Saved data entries
————————
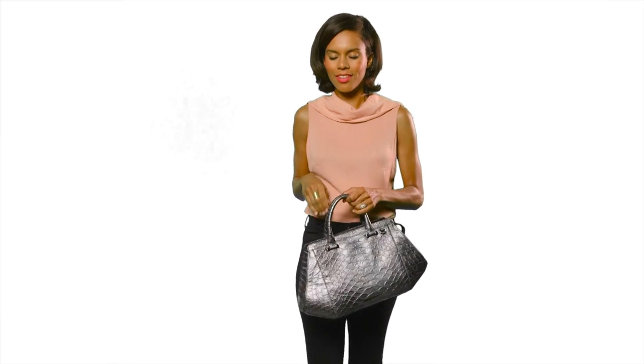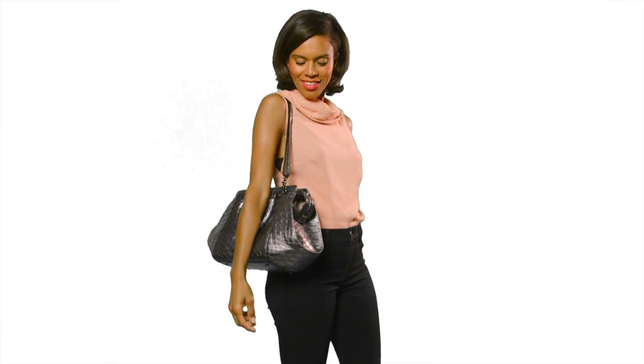This is the Brahman Arden Satchel, a unique shape whose silhouette pairs perfectly with Brahman's luxurious textures. The bag can be carried by hand or attached to a longer adjustable strap to wear as a shoulder bag or crossbody.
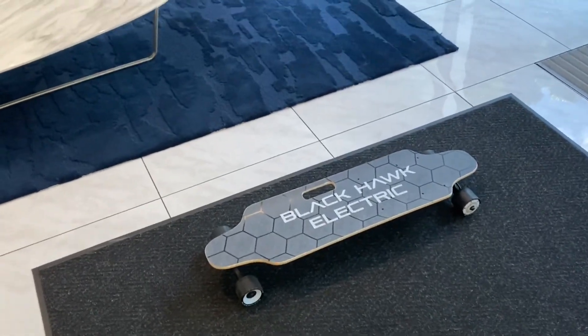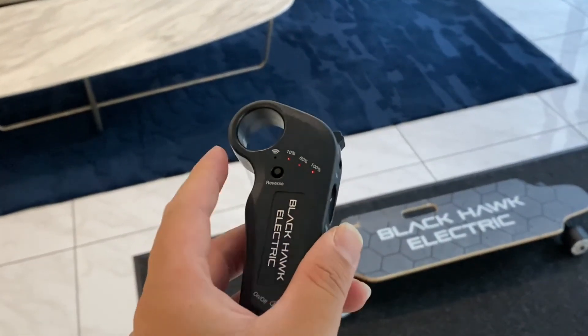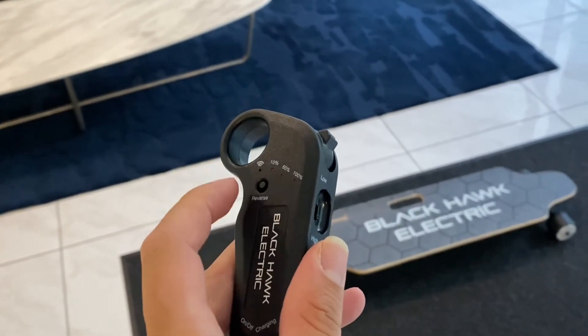Hello everyone, I'm going to show you my electric skateboard. So this is my controller — reverse, battery, and wi-fi.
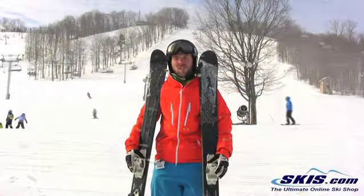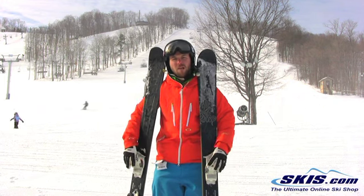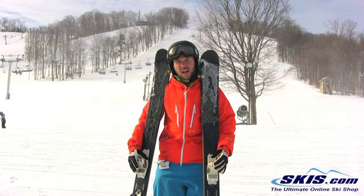Hey, I'm Brad. I just got off the Line Influence 105. I'm going to give this ski a 4 out of 5 stars. I actually liked it.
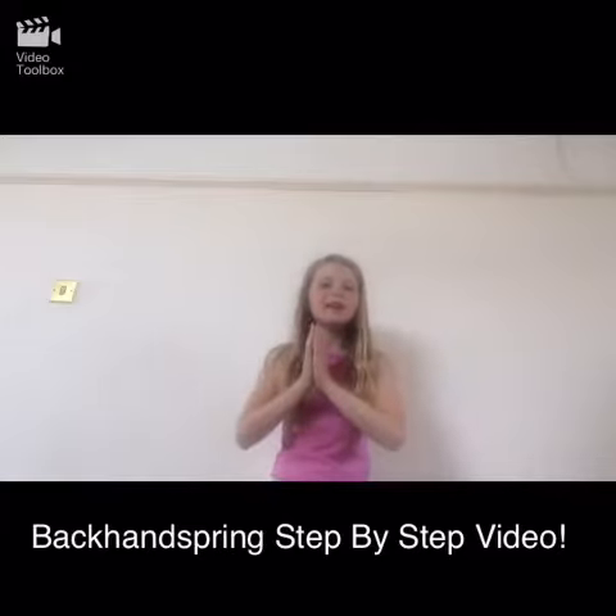Hey guys, welcome back to another video! Today I am showing you how to do a backhandspring on the floor. So let's get started.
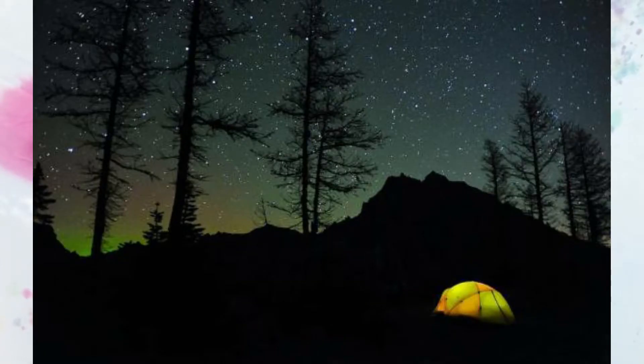Hey there friends, Miss Lindsay here out in nature because we are learning about camping this week. That is one of my favorite activities — my family and I love to go camping. We've already been a few times this year. There's nothing like being out in the wilderness, hearing the birds and the animal sounds, and sleeping under a starry sky. And when you go camping you can toast marshmallows and make s'mores — so delicious!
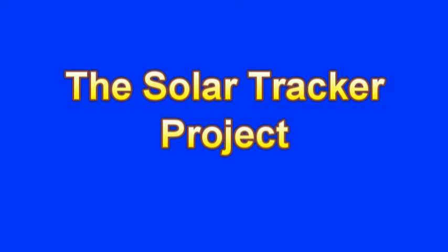What you are about to see is one of the projects done by one of the groups in the Spring 2010 Capstone Project Course at Chattanooga State Community College. In this course, students are required to identify a project, collect resources, construct a plan of action, develop and demonstrate the project.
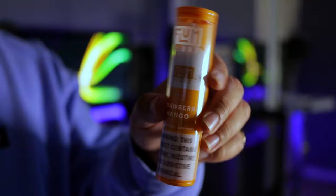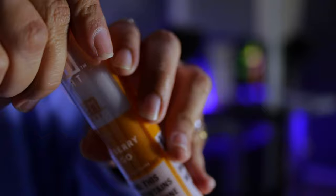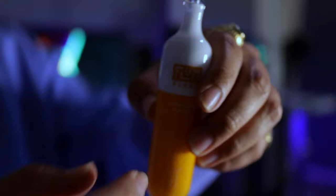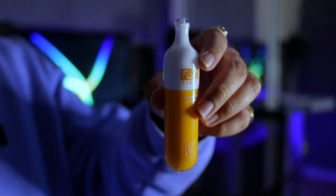Here is the Flum Float and as you can see it's in the package right here. It's kind of orange — this is the strawberry mango. You just pop it open on the top and the device comes right out. It's more like orange I guess; I don't really see strawberry in the colors, it looks more like mango.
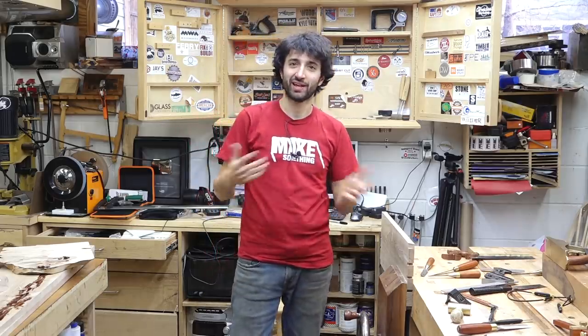Hey everyone, my name is Matt. Welcome to my shop today — it's January 11th and it's my weekly shop update. I hope everyone is having a great week or has had a great week. Hope you're getting ready for the weekend, or whatever people that have weekends do with weekends.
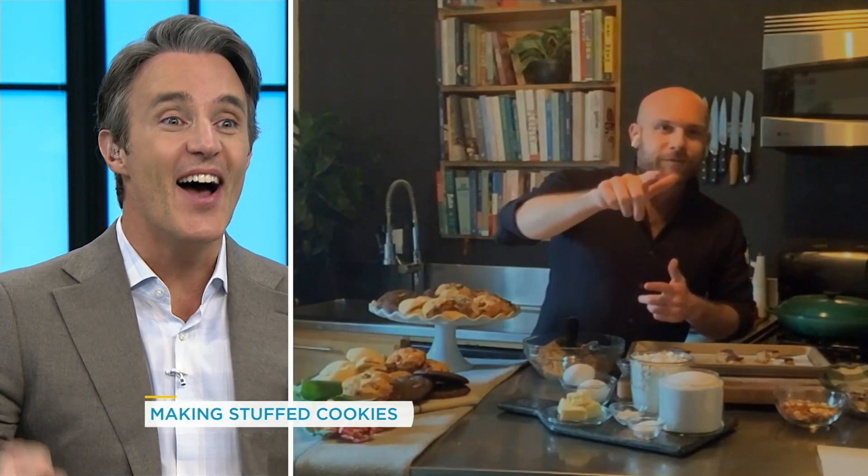Seeing those cookies in your house and not being able to eat them sucks. Can I just interrupt you for a second? I think there might be something coming up towards you. No way! I sent a little gift for you.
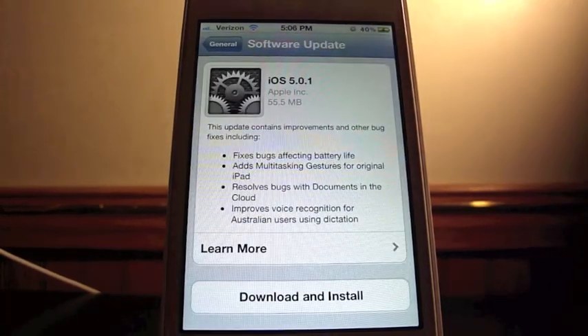It's checking and here it is — it's iOS 5.0.1. It says this update contains improvements and other bug fixes, including fixes that affect battery life, multitasking gestures for the original iPad, resolve bugs with documentation, improvements in iCloud, and improved voice recognition for Australian users using dictation.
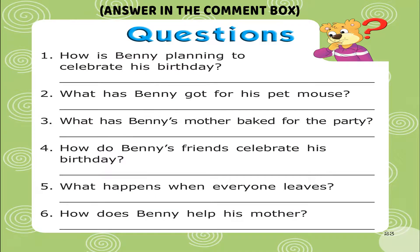Question 1: How is Penny planning to celebrate his birthday? Question 2: What has Penny got for his pet mouse? Question 3: What has Penny's mother baked for the party? Question 4: How do Penny's friends celebrate his birthday? Question 5: What happens when everyone leaves? Question 6: How does Penny help his mother?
————————
## [WHAT YOU SHOULD DO]
Starting with the line that holds "Hey everyone, my", return each line exactly through the final line of the entries above; pictures are not part of the output.

## [ANSWER FOR THE TASK]
Hey everyone, my name is Matt. Welcome to my shop today — it's January 11th and it's my weekly shop update. I hope everyone is having a great week or has had a great week. Hope you're getting ready for the weekend, or whatever people that have weekends do with weekends.
Seeing those cookies in your house and not being able to eat them sucks. Can I just interrupt you for a second? I think there might be something coming up towards you. No way! I sent a little gift for you.
It's checking and here it is — it's iOS 5.0.1. It says this update contains improvements and other bug fixes, including fixes that affect battery life, multitasking gestures for the original iPad, resolve bugs with documentation, improvements in iCloud, and improved voice recognition for Australian users using dictation.
Question 1: How is Penny planning to celebrate his birthday? Question 2: What has Penny got for his pet mouse? Question 3: What has Penny's mother baked for the party? Question 4: How do Penny's friends celebrate his birthday? Question 5: What happens when everyone leaves? Question 6: How does Penny help his mother?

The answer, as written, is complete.